Jake sabia que isso era fulcral para aquele mistério. Quando começou a afastar-se, um pedaço de ouro a rodar no chão chamou-lhe a atenção. O anel interior tinha colidido com alguma coisa dentro dele. Parecia uma moeda grossa de ouro. Rolou até parar dentro do anel, tornando-o mais lento.
Jake deu um passo na direção das duas engrenagens.
Isto é…?
— Temos de ir — insistiu Pindor. Passou a espada de uma mão para a outra, claramente preocupado com o seu povo e a sua cidade.

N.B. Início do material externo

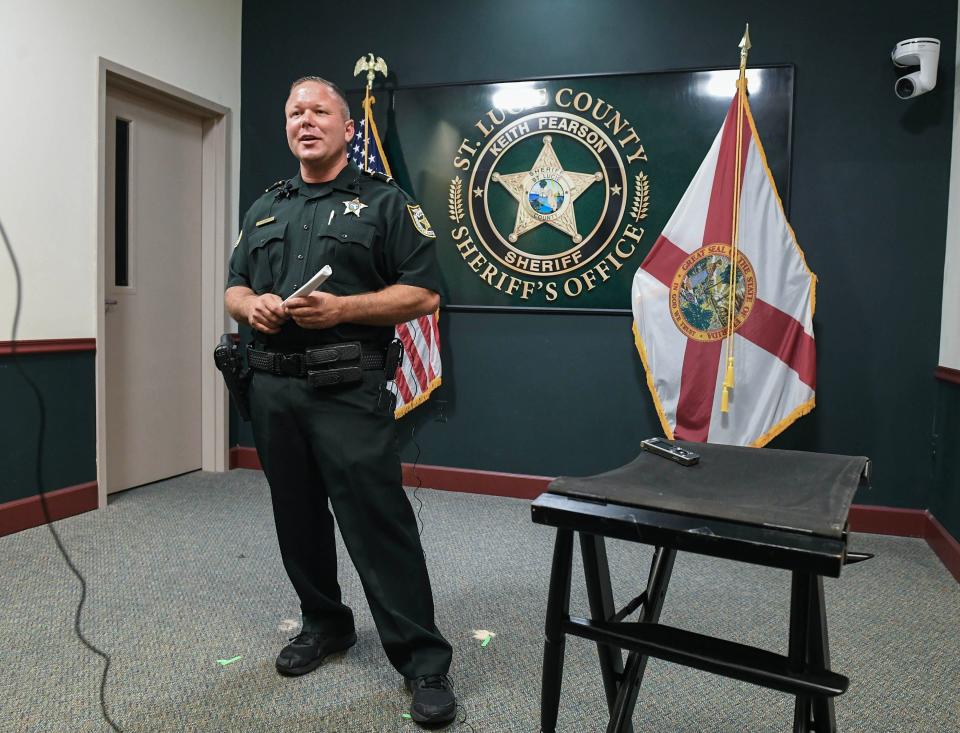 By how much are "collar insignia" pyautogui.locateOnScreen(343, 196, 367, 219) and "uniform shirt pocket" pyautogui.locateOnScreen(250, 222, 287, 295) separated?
5.9 inches

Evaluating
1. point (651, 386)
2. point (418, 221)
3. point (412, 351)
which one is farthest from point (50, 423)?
point (651, 386)

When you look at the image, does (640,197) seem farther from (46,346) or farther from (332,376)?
(46,346)

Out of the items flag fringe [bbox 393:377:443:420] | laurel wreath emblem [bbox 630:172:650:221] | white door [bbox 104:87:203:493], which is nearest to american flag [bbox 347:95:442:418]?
flag fringe [bbox 393:377:443:420]

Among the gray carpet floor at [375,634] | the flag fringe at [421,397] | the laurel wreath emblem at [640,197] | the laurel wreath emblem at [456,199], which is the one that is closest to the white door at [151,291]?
the gray carpet floor at [375,634]

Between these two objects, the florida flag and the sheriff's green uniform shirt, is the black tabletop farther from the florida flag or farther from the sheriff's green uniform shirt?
the florida flag

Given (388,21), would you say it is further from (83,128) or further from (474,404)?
(474,404)

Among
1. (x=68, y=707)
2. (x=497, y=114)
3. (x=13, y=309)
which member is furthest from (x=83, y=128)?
(x=68, y=707)

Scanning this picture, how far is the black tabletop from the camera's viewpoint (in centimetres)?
97

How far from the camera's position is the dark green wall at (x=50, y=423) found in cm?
285

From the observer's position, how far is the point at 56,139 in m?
2.96

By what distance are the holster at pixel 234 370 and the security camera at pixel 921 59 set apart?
9.04 feet

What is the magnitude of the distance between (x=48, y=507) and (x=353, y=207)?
212 centimetres

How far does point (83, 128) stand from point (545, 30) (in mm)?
2066

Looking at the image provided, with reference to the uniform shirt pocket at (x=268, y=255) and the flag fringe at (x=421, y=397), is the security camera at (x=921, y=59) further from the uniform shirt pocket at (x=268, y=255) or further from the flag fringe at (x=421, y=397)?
the uniform shirt pocket at (x=268, y=255)
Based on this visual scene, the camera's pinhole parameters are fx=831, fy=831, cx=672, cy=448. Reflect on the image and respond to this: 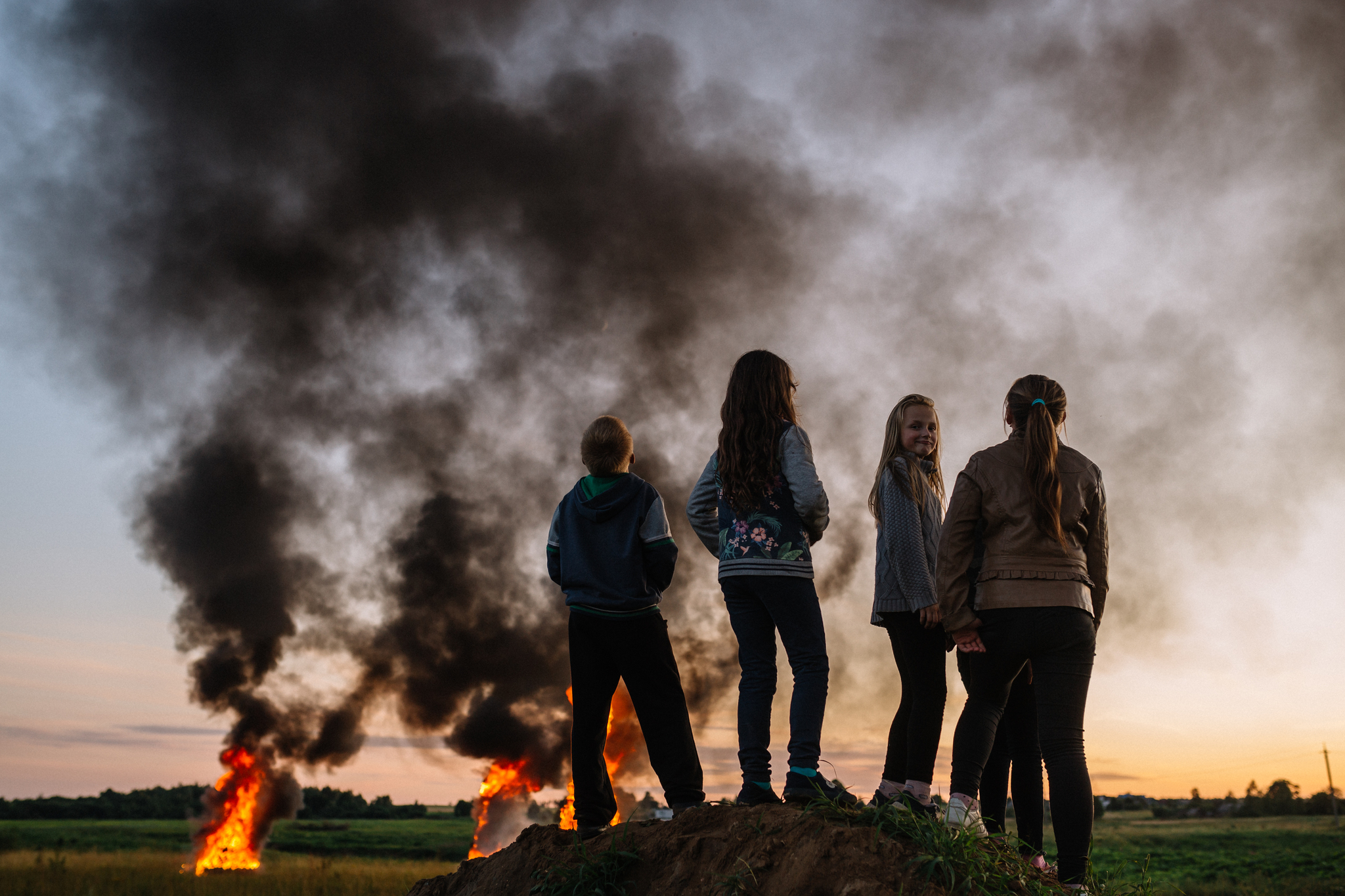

Porém, Jake inclinou-se sobre o anel exterior e esquadrinhou o que se encontrava dentro do anel mais pequeno. Não era uma moeda. Jake reconheceu a forma. Passou por cima do anel exterior, tendo cuidado com as engrenagens dentadas, e avançou lentamente para o anel interior. Inclinou-se e apanhou-o.
Tinha razão. Era um relógio de bolso antigo. Jake examinou-o, virando-o entre os dedos. O seu pai tinha um igual…
Jake descobriu uma inscrição na parte de trás. O seu olhar ensombrou-se ao ler o que estava escrito ali.
Para o meu amado Richard,
Um pedaço de ouro para assinalar a nossa décima revolução
em volta do Sol juntos.
Com todo o amor sob as estrelas,
Penelope
De repente, Jake sentiu a sala inclinar-se como se, de súbito, uma vida que ele julgava morta há muito voltasse momentaneamente. Cambaleou para o lado, tropeçou no rebordo do anel e caiu com força, mas nem sequer o sentiu. O seu mundo resumia-se ao relógio… e às palavras escritas nele.
— Jake? — Marika correu para ele. Estendeu-lhe a mão para o ajudar a levantar-se.
Ele ignorou-a e continuou a olhar para o relógio na palma da sua mão. Os seus dedos fecharam-se sobre a caixa de ouro. Estava fria e era sólida — e muito real. Ele sussurrou o milagre, receoso de levantar a voz e fazer com que tudo desaparecesse.
— Este relógio é do meu pai.
Jake não tinha qualquer recordação de como acabara num túnel estreito e comprido, escavado grosseiramente na rocha vulcânica. Lembrava-se de ter sido levantado e conduzido com gestos cuidadosos e palavras de aviso. Lembrava-se de mais escadas e de uma laje de pedra que Bach’uuk e Pindor tiveram de afastar. A passagem ficava para lá daquela pedra, um túnel secreto. Bach’uuk indicava o caminho com um pedaço de cristal branco e luminoso erguido na sua mão.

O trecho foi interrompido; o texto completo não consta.